- See: Diocese of Springfield in Massachusetts
- Installed: October 15, 1977
- Term ended: December 27, 1991
- Predecessor: Christopher Joseph Weldon
- Successor: John Aloysius Marshall
- Previous posts: Auxiliary Bishop of Boston (1972 to 1976) Coadjutor Bishop of Springfield (1976 to 1977)

Orders
- Ordination: June 29, 1945 by Richard James Cushing
- Consecration: February 2, 1972

Personal details
- Born: September 4, 1919 Boston, Massachusetts US
- Died: November 23, 2014 (aged 95) Springfield, Massachusetts, US
- Denomination: Roman Catholic Church
- Education: Boston College St. John's Seminary
- Motto: Nihil impossible apud Deum (Nothing is impossible with God)

= Joseph Francis Maguire =

American prelate

Joseph Francis Maguire (September 4, 1919 - November 23, 2014) was an American prelate of the Roman Catholic Church. He served as bishop of the Diocese of Springfield in Massachusetts from 1977 to 1991. He previously serve as an auxiliary bishop of the Archdiocese of Boston in Massachusetts from 1972 to 1977 and as coadjutor bishop of Springfield from 1976 to 1977.

==Biography==

=== Early life ===
Maguire was born on September 4, 1919, in the Roxbury section of Boston, Massachusetts. After grammar school, he attended St. Columbkille High School in the Brighton neighborhood. He attended Boston College, where he earned a Bachelor of Arts degree in 1941. As a young man, Maguire played both hockey and baseball. Maguire then began his studies for the priesthood at St. John's Seminary in Boston.

=== Priesthood ===
Maguire was ordained a priest in Boston for the Archdiocese of Boston on June 29, 1945 by Archbishop Richard James Cushing. After his ordination, Maguire had the following posts as assistant pastor in Massachusetts parishes:

- St. Joseph's in Lynn
- St. Anne's in Readville
- Blessed Sacrament in Jamaica Plain
- St. Mary of the Hills in Milton

From 1956 to 1959, Maguire served as a chaplain in the United States Army Reserve and the Massachusetts National Guard. He served as priest-secretary to Cardinal Richard Cushing and his successor, Cardinal Humberto Medeiros, between 1962 and 1971. Maguire was pastor of St. John the Baptist Parish in Quincy, Massachusetts, from 1971 to 1972.
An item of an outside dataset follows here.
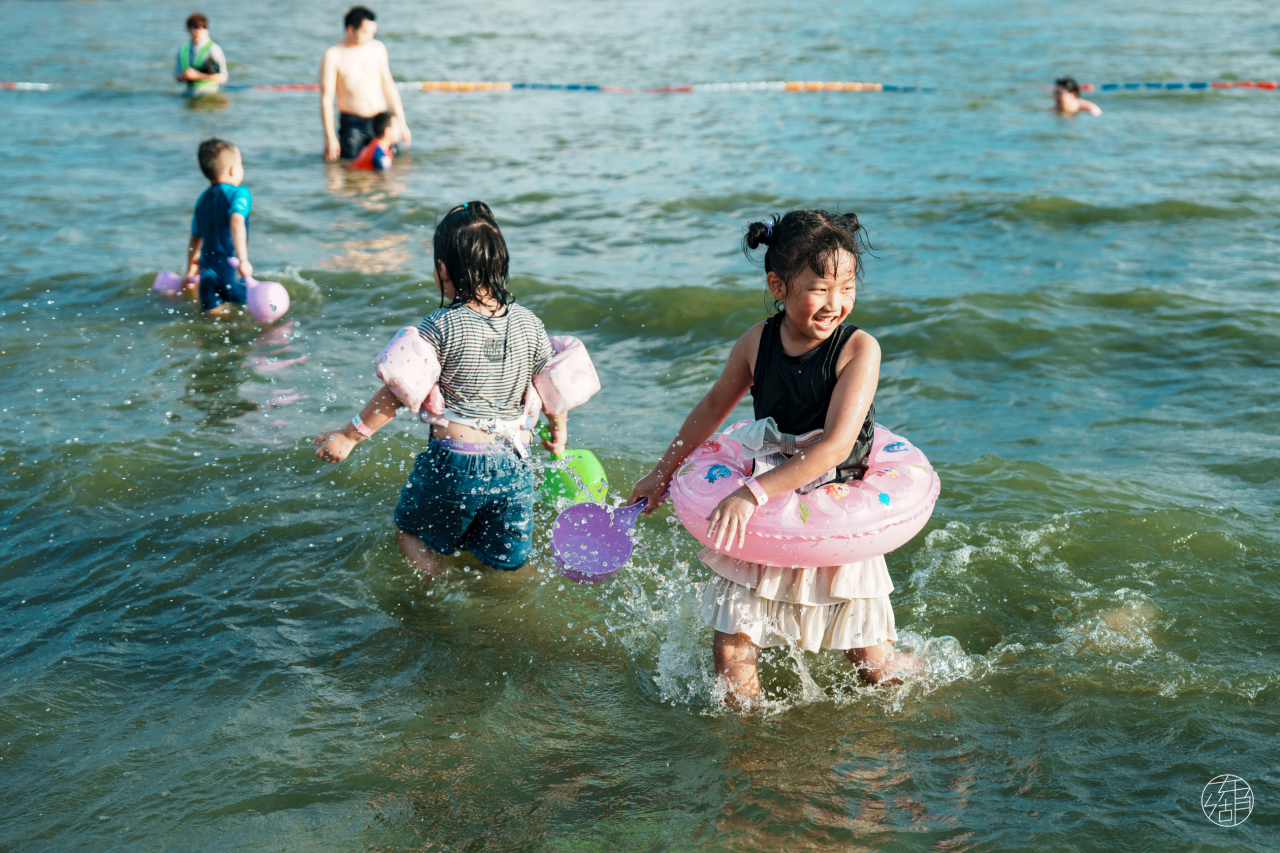 水上影院、夏日音乐会，东湖这里好city！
=== Auxiliary Bishop of Boston ===
On December 1, 1971, Maguire was appointed auxiliary bishop of Boston and titular bishop of Mactaris by Pope Paul VI. He received his episcopal consecration at the Cathedral of the Holy Cross in Boston on February 2, 1972, from Cardinal Medeiros, with bishops Jeremiah Minihan and Thomas Riley serving as co-consecrators.

=== Coadjutor Bishop and Bishop of Springfield ===
Maguire was named coadjutor bishop of Springfield on April 13, 1976 by Paul VI. Upon the resignation of Bishop Christopher Weldon, Maguire automatically succeeded him on October 15, 1977.

As bishop, Maguire created a program to train permanent deacons for parish service. He also established the Apostolate for Black Catholics. He recruited 300 lay members from the diocese to visit the sick and disabled at home or in institutions. Maguire received the Human Relations Award in 1986 from the National Conference of Christians and Jews.

=== Retirement and legacy ===
On December 27, 1991, Pope John Paul II accepted Maguire's resignation as bishop of Springfield. In 2005, he underwent aortic valve replacement and bypass surgery. In 1993, the Maguire Center for Health, Fitness and Athletics at Elms College in Chicopee, Massachusetts, was named for Maguire.

In 2012, it was revealed that Maguire and former Springfield Bishop Thomas Dupre approved a $500,000 settlement in a sexual abuse case. The plaintiff, Andrew Nicastro, claimed that he was sexually abused as a minor by Reverend Alfred F. Graves, a diocesan priest, from 1982 to 1985. According to the lawsuit, Maguire had transferred Graves to another parish after a sexual abuse accusation in 1976. Graves was barred from ministry in the 1990's and defrocked in 2006. At the time of the settlement, Maguire made this statement:I only wish that in 1976 as a new bishop, I could have foreseen the true nature of one who violated our trust with such devastating harm to his victims.Joseph Maguire died in Springfield at age 95 on November 23, 2014. In remarks to Jobserve.org after Maguire's death, Springfield Bishop Mitchell T. Rozanski said:"From the time of his arrival ... Bishop Maguire quickly became the 'people's bishop' and was known for his priestly ministry, which extended to attending numerous parish and diocesan events," iobserve.org said. "He had the ability to not only remember names of people, but also recall personal and family details. He also was a regular visitor at area hospitals at all hours of the day and attended many wakes."